I’ve been grappling with vSphere with Tanzu for the past week or so and while I haven’t completely nailed how things operate end to end in this new world, i’ve been able to get to a point beyond the common “kubectl get nodes” which is where plenty of people kicking the tyres get to… and then stop. There also isn’t a lot of straight forward content out there on how to quickly fix issues that come up after the deployment of a Tanzu Kubernetes Grid instance into a fresh namespace. There are kubernetes security and kubernetes storage volumes to deal with and for those not familiar with or new to Kubernetes… it can drive you mad!

The Problem:

When looking to install stateful applications with stateful kubernetes volumes using Helm Charts the deployments where stuck with PODs status being stuck Pending. Basically the Dynamic Persistent Volumes Claims leveraging the Tanzu Storage Class was not able to do its thing. Persistent storage in Kubernetes is one of the things that I have struggled with… having really only clicked more recently. The concept of storage classes, persistent disks and claims can seem a little complex when coming from traditional physical or virtual machines.. but without persistence, Kubernetes and containers wouldn’t be gaining traction.

About Kubernetes Statefulness, Persistent Volume Claims and Disks and Dynamic Volumes
Stateful applications, save data between sessions and require persistent storage to store the data. The retained data is called the application’s state. You can later retrieve the data and use it in the next session. Kubernetes offers persistent volumes as objects capable of retaining their state and data.

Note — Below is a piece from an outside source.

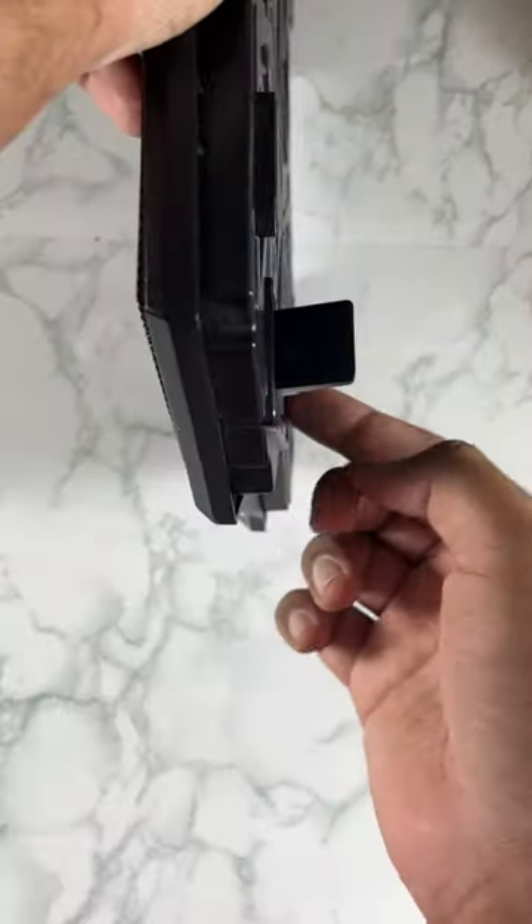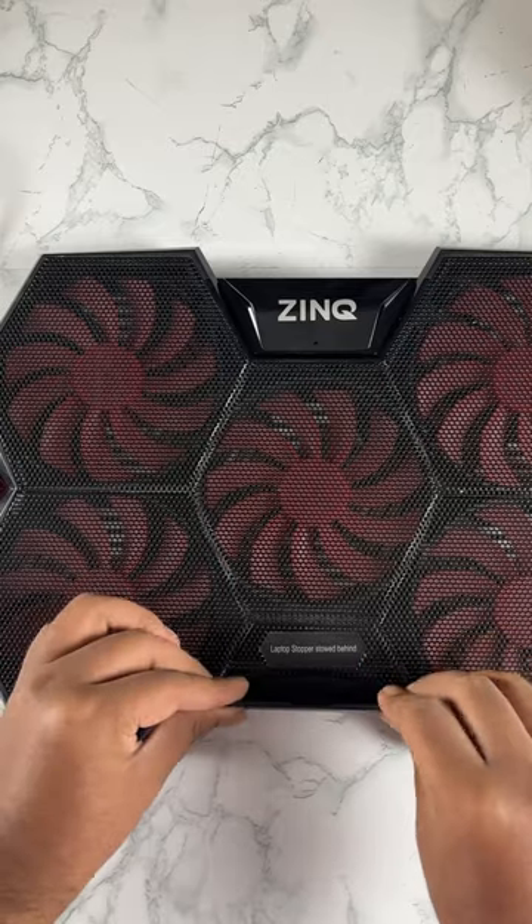You can adjust the two types of cooling pad. You can adjust it to your comfort and to your laptop.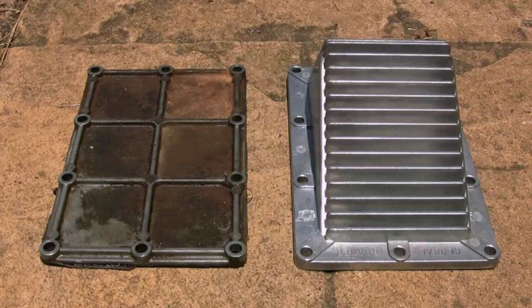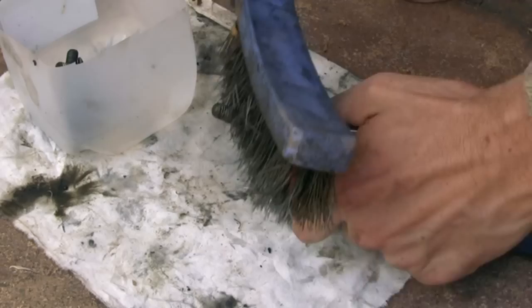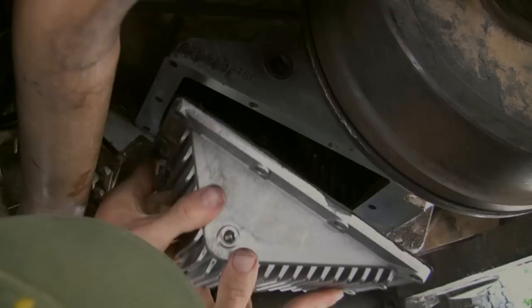The old versus the new. Give the bolt threads a clean too while they're out. Apply gasket sealant to both sides of the gasket and fit in place.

In the vSphere environment, the persistent volume objects are backed by virtual disks that reside on datastores. Datastores are represented by storage policies. After the vSphere administrator creates a storage policy, for example gold, and assigns it to a namespace in a Supervisor Cluster, the storage policy appears as a matching Kubernetes storage class in the Supervisor Namespace and any available Tanzu Kubernetes clusters. As a TKG Cluster user, you can use the storage class in your persistent volume claim specifications. You can then deploy an application that uses storage from the persistent volume claim.

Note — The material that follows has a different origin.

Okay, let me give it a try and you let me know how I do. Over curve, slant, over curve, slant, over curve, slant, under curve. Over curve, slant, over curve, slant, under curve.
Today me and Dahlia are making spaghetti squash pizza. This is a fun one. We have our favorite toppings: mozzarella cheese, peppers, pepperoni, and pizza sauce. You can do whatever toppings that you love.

Tanzu automatically configures a Storage Class backed by the Storage Policies we created and references in the Workload Management setup. This is leveraging the vSphere CSI Provisioner and as mentioned above, Dynamic Provisioning… so this should have worked?

The Error:

When looking to deploy solutions or individual POD s either directly from the kubectl command line or using Helm Charts into the default or a custom namespace, objects where getting created, but I was seeing PODs in a pending state

Looking into the events of the namespaces was seeing event entries as seen below.

So basically the POD has unbound immediate Persistent volume Claims because no persistent volumes are available for the claim due to some issue with detecting the available storage class. Working with a couple of people and through a lot of trial and error I came up with a couple ways to fix this.

The Fix: 

For the Helm Chat install, the quickest and surest way to ensure that the deployment is successful is to specify the Storage Class as part of the Helm install command.

By using the specific –set flag, we are forcing Helm to overwrite the default configuration which would be to pick up and use the default Storage Class. If this was setup correctly as it expects, there would be no issues. What I noticed in my initial troubleshooting was that the configured Storage Class was not marked as default as shown below

Using a kubectl patch operation, we can set the Storage Class to be default.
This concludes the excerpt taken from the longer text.